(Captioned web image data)
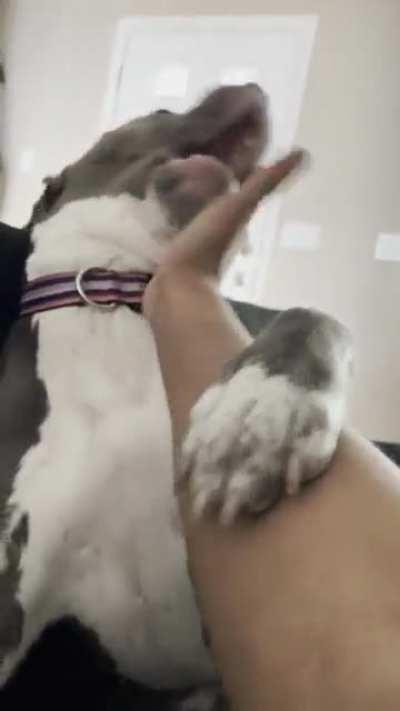 Vicious pit bull attacks human’s aerial hand assault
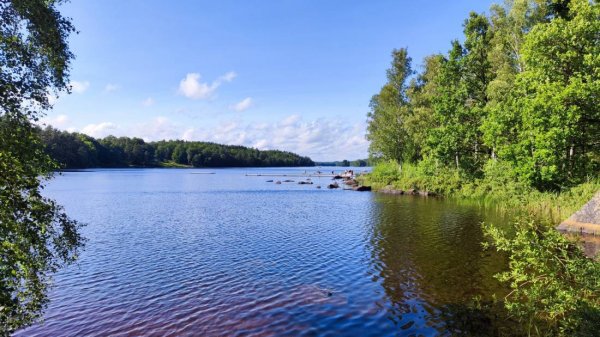 Långasjönäs Camping & Stugby — Photo 5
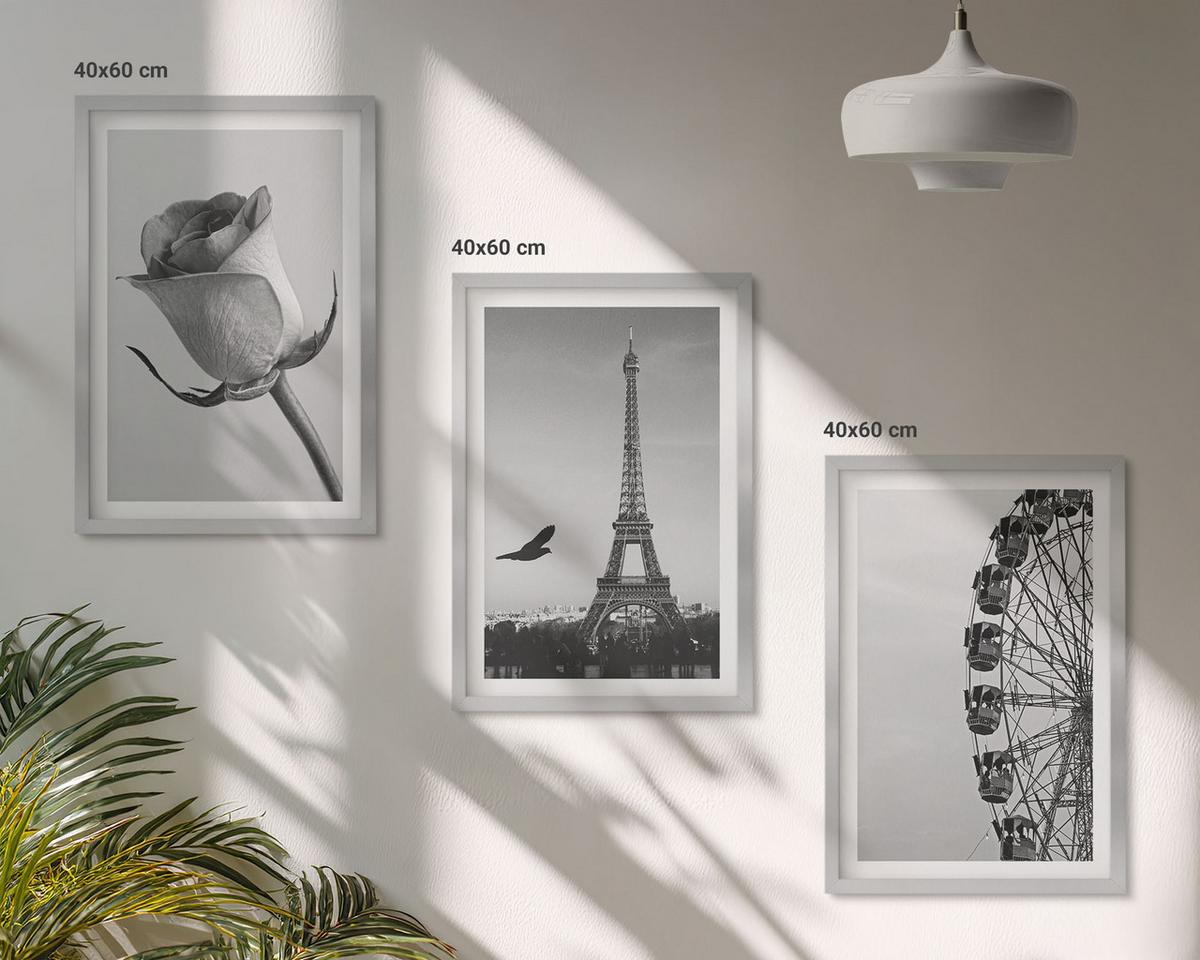 BILDER SET 3er Set - 40x60 cm Silberner Rahmen - Rose Eiffelturm Riesenrad - Silberfarben, Kunststoff (40/60cm) - TULUP
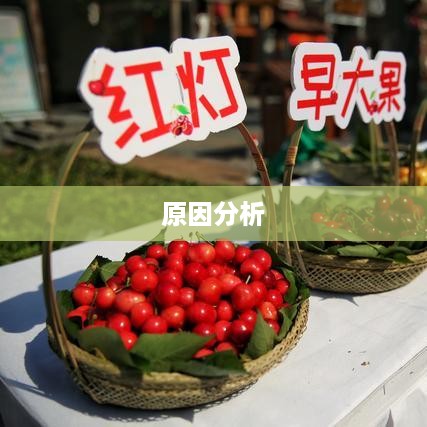 二维码识别不出来的原因分析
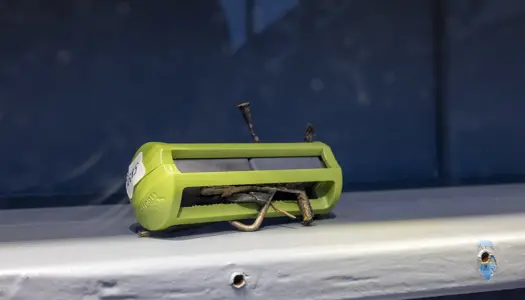 Kæmpe svin, vommagneter og elitekøer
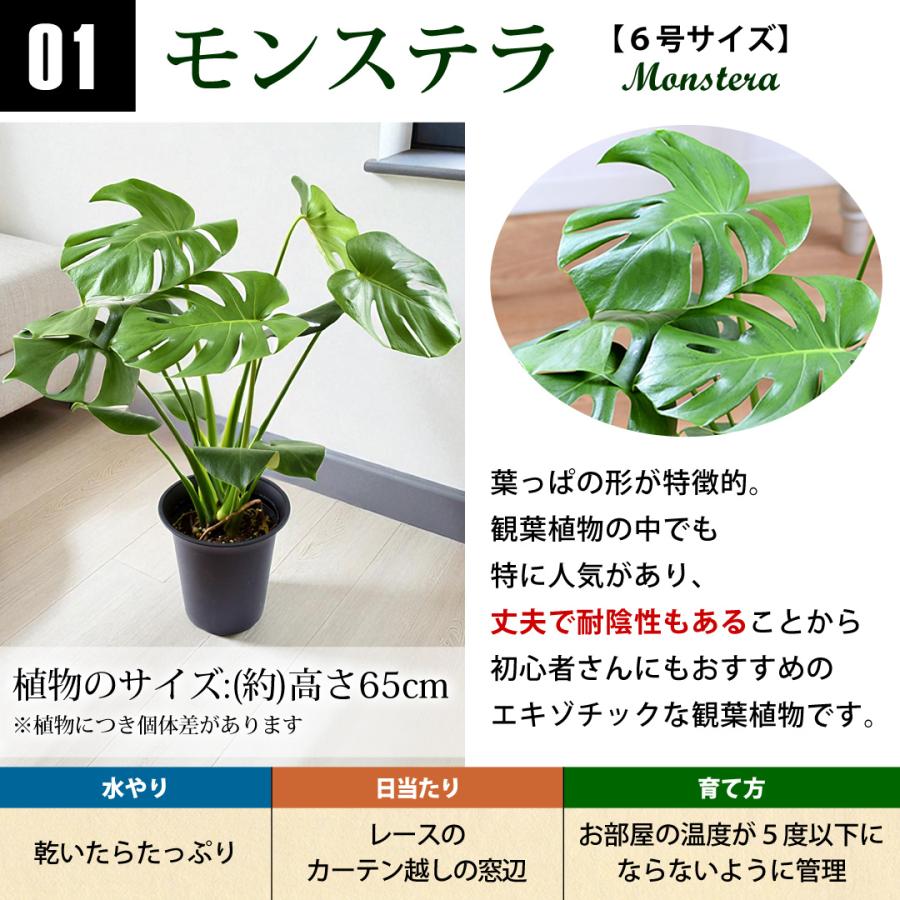 フラワーマーケット花由 選べる観葉植物 Mサイズ ＜プラスチック鉢でお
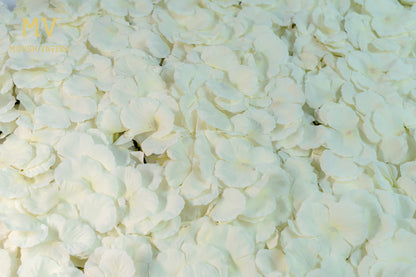 Ivory Cream Wall Panel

### Required work
Give again, unchanged, only the lines from the line containing "Kæmpe svin, vommagneter og elitekøer" to the last line of the records above. Pictures do not belong in the copy.

### Response to the task
 Kæmpe svin, vommagneter og elitekøer
 フラワーマーケット花由 選べる観葉植物 Mサイズ ＜プラスチック鉢でお
 Ivory Cream Wall Panel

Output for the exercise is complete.